Ok, this is one of the more widely known tricks, but it’s important nonetheless, so we are going to include it.
Navigate to Settings > About phone and tap on your phone’s build number seven times. You’ll get an onscreen countdown, eventually followed by a message saying “Congratulations, you are now a developer”.
For the most part, the latest Android phones already feel very snappy. However, after the latest Nexus 5X only shipped with 2GB of RAM, some users were left feeling a bit underwhelmed by Google’s hugely popular product line.
One solution is to change your phone’s “Window animation scale”, “Transition animation scale” and “Animator duration scale” from 1x to 0.5x.
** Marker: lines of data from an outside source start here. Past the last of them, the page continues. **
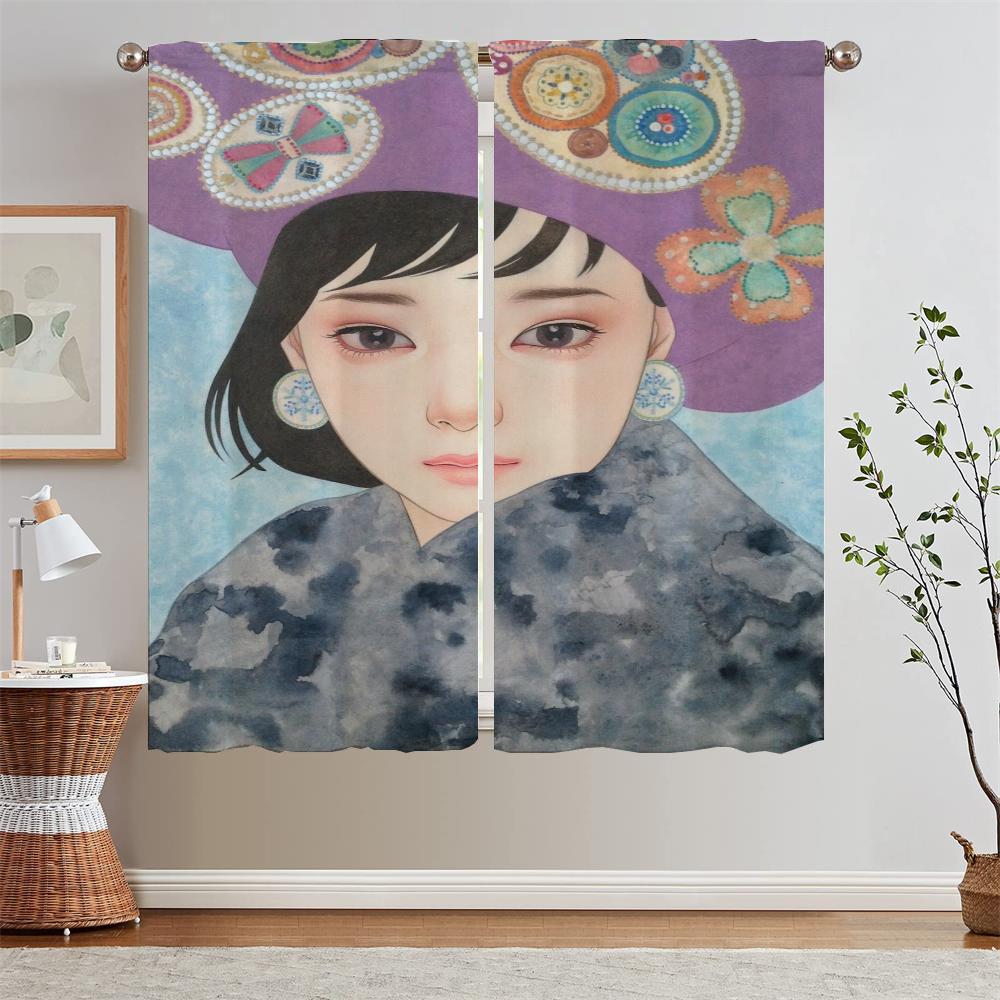 Шторы в южноазиатском стиле для украшения гостиной, короткие шторы для окон, домашняя кухонная штора, подхваты, локоны, светонепроницаемая штора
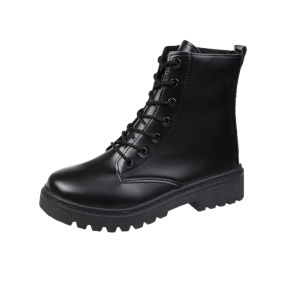 Falimottype)Size 35-41 Womens Casual Martin Boots Black Fashionable Thick Soled Shoes Retro School Student Midsole Boots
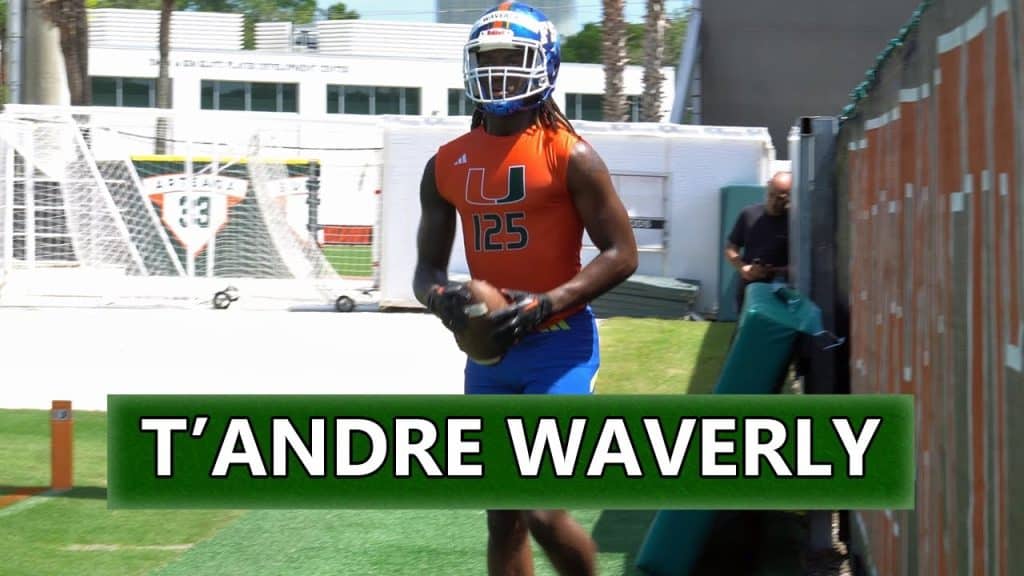 2025 TE TAndre Waverly at Miami Prospect Camp - HQZ 2025 TE TAndre Waverly at Miami Prospect Camp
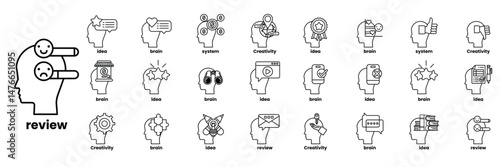 A head with a sad face and a face with a smile in line drawing style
Granted, it won’t actually make your phone faster, but it will make it feel faster.
Go to Settings > Developer options and scroll about two thirds of the way down the list to find the necessary options (you’ll need to have first enabled Developer Mode).
It’s annoying when a link opens in a certain app rather than in the browser. It could be a YouTube link, a tweet, or a Facebook page — you’ll end up waiting around while your phone shuts down Chrome (or your browser of choice) and fires up something else.
It’s easily fixed.
Go to Settings > Apps and find the app that keeps opening. Once there, scroll down to Open by default, press it, and then select Clear Defaults.
If that doesn’t work, try doing the same with your browser app as well.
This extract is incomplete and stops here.